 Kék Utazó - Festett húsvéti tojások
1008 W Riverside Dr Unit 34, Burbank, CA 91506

━━━━━━━━━━━━━━━━

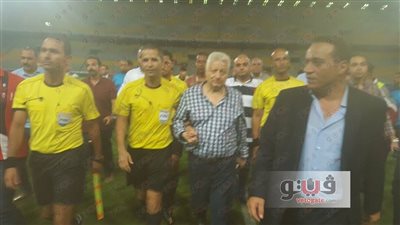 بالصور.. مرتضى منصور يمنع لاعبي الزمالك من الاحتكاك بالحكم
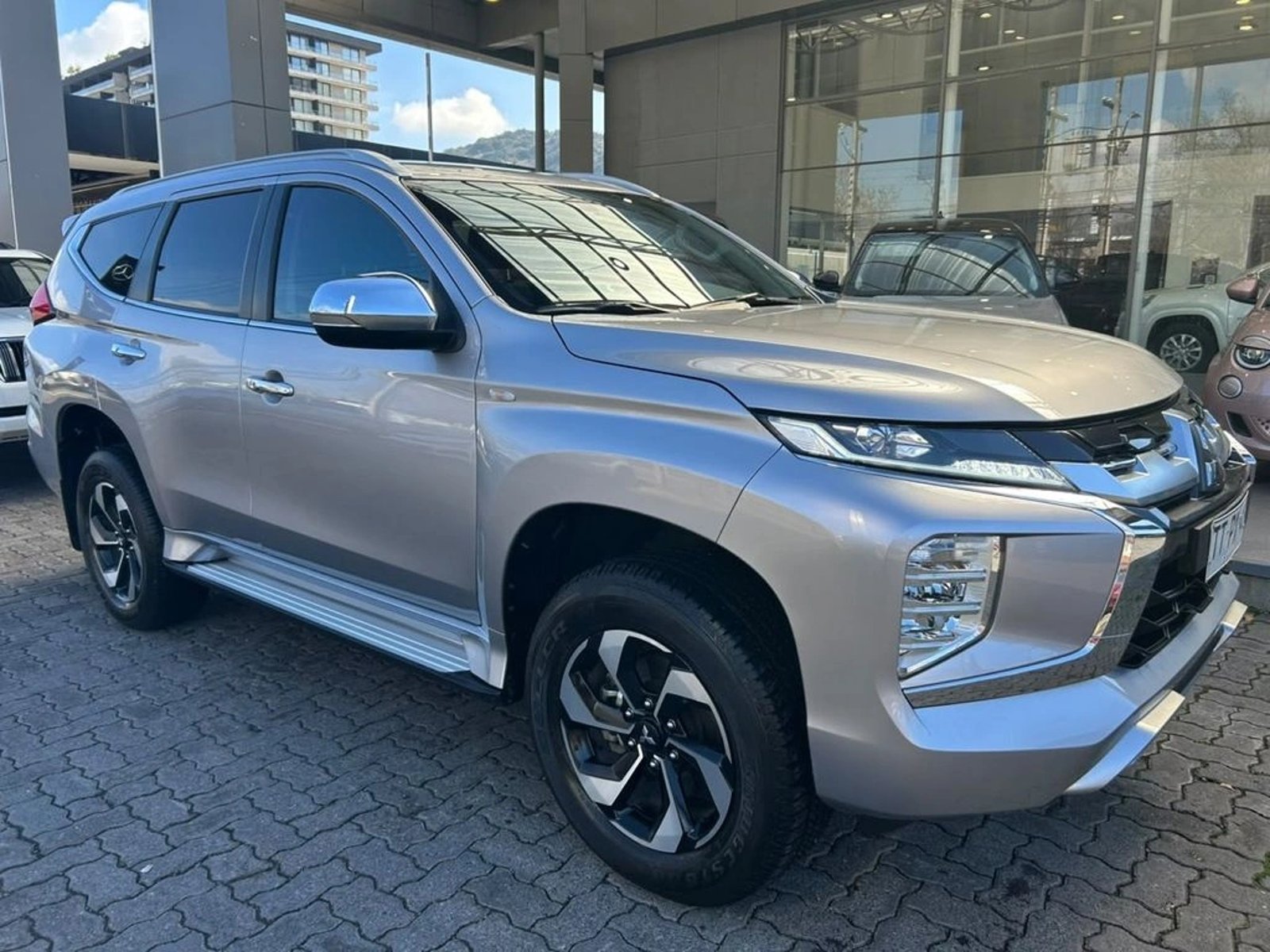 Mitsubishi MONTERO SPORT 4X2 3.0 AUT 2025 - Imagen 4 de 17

━━━━━━━━━━━━━━━━

--- ACTIVITY ---
From the records above, transcribe without alteration every line from the one with "Kék Utazó - Festett húsvéti tojások" to the one with "1008 W Riverside", inclusive.

--- SOLVED EXERCISE ---
 Kék Utazó - Festett húsvéti tojások
1008 W Riverside Dr Unit 34, Burbank, CA 91506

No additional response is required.